Preliminary Protocol for Measuring the Reproducibility and Accuracy of Flow values on Digital PET/CT Systems in [15O]H2O Myocardial Perfusion Imaging Using a Flow Phantom

Background: Several factors may decrease the accuracy of quantitative PET myocardial perfusion imaging (MPI). It is therefore essential to ensure that myocardial blood flow (MBF) values are reproducible and accurate, and to design systematic protocols for assessing this. Until now, no systematic phantom protocols have been available to assess the technical factors affecting measurement accuracy and reproducibility in MPI. Materials and Methods: We implemented a standard measurement protocol, which applies a flow phantom in order to compare image-derived flow values with respect to a ground truth flow value with [15O]H2O MPI performed on both a Discovery MI (DMI-20, GE Healthcare) and a Biograph Vision 600 (Vision-600, Siemens Healthineers) system.

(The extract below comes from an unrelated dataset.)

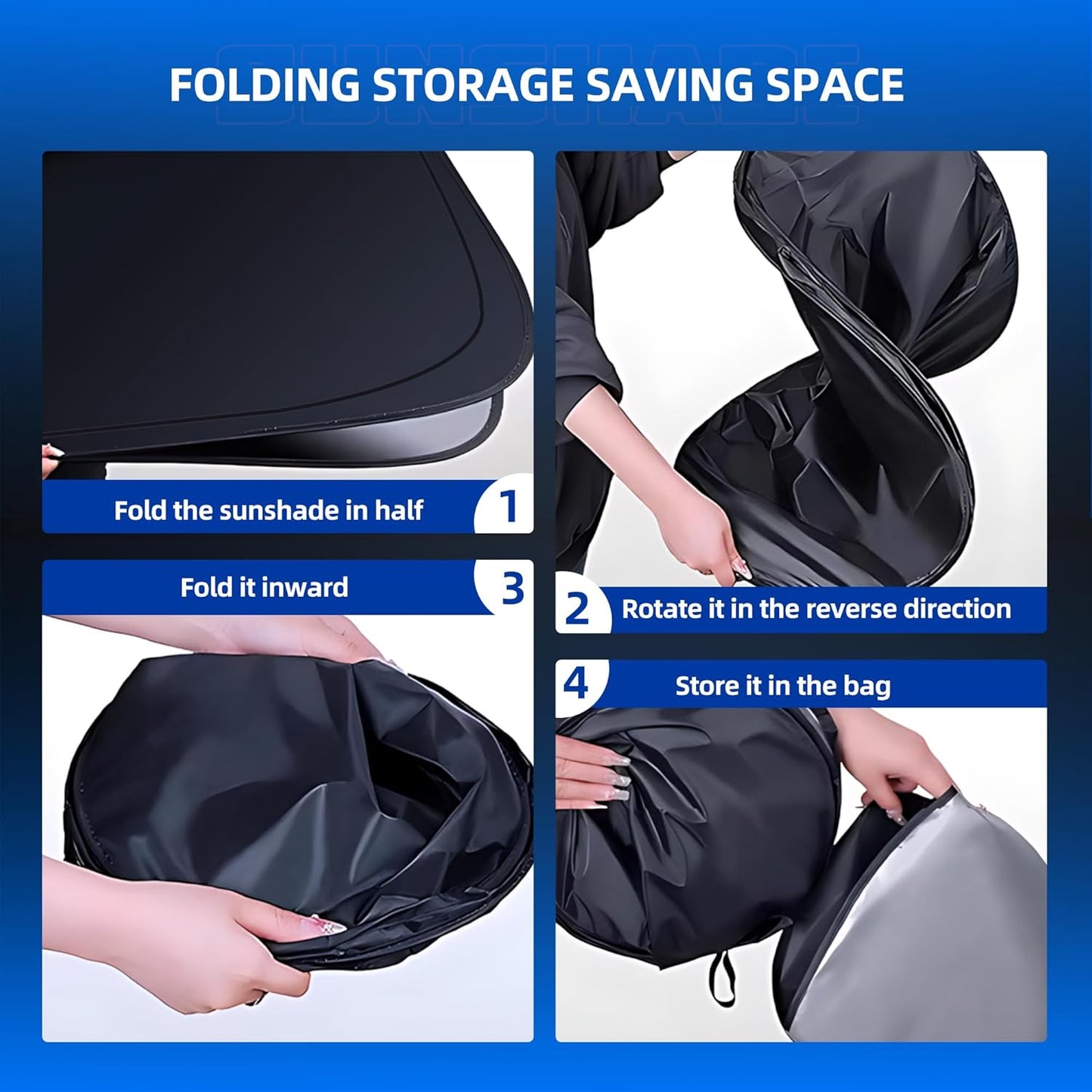 Windshield Sun Shade for Honda Odyssey (LX EX EX-L Touring Elite Minivan) 2018-2025 2026 Foldable Sunshade Custom Fit Front Window Car Interior Accessories Protector Blocks UV Rays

Both systems have automatic [15O]H2O radio water generators (Hidex Oy) individually installed, allowing us to also study the differences occurring due to two different bolus delivery systems. To investigate the technical factors contributing to the modelled flow values, we extracted the [15O]H2O bolus profiles, the flow values from the kinetic modeling (Qin and Qout), and finally calculated their differences between test-retest measurements on both systems. Results: The input time activity curves (TAC) showed dependency on the bolus injection curves. The measurements performed on the DMI-20 system produced Qin and Qout values equal to each other as well as to the reference flow value across all test-retest measurements. Also, all DMI-20 repeatability differences were below 15 %. The measurements performed on the Vision-600 system showed more variation between Qin and Qout values across test-retest measurements and exceeded the 15 % difference in half (6/12) of the measurements. Conclusions: This preliminary study proposes a protocol for measuring the accuracy and reproducibility of flow between different injector and PET systems. Our results suggest that flow values can be reproduced on DMI-20 or Vision-600 systems and with two different injector systems, with less than 15 % error. The most significant factor contributing to the variation was the injected bolus, which directly affects the phantom input TAC. In order to extend the protocol to a multi-center setting, a standardized and repeatable bolus injection protocol needs to be designed.